Open PHP-MyProfiler

Robin Schumacher, MySQL’s Director of Product Management explains about the MySQL Query Profiler through his article on Using the New MySQL Query Profiler. At first glance I saw it was a good thing, and when I went deep to my dismay I found that the profile information was stored into an in memory table. Which means profile information would be lost when a session is closed. Well I was boiling my brains over the desire to profile applications which were live. And about a couple of days later, it struck my brains, that in any php application, if we open a connection to a database, normally the subsequent requests with the same credentials would return the active connection than opening a new connection. Though a new connection can be forced. And with all these information and the documentation on MySQL Developer Resources, I thought about writing one php snippet which would help me do sql profiling, and get the analysis in a colourful format.

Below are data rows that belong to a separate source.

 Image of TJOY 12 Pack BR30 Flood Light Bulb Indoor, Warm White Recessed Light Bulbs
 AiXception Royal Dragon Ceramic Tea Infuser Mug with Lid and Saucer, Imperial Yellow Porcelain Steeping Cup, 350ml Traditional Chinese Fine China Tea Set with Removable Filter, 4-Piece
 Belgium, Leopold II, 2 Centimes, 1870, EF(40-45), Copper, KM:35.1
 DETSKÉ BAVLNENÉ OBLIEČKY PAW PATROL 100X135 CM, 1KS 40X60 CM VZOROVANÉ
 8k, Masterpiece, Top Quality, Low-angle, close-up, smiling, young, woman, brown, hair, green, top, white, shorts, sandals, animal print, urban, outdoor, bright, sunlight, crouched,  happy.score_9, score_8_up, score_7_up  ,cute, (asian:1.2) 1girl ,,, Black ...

Open PHP MyProfiler is just a trial to run query profiling on a php-mysql application, without changing the architecture too much. The profiler is open and downloadable, though the analzer, is just a mockup or a bare one and not yet ripe to be opened up. Any one who needs to do the analysis could make use of the same by downloading the profiler, and implementing with their code. The profiler would create logs depending on hostname and date. upload the profile logs to our Profile Sampler and you should be able to see the full profile of your application. Analyze your profile logs by going here.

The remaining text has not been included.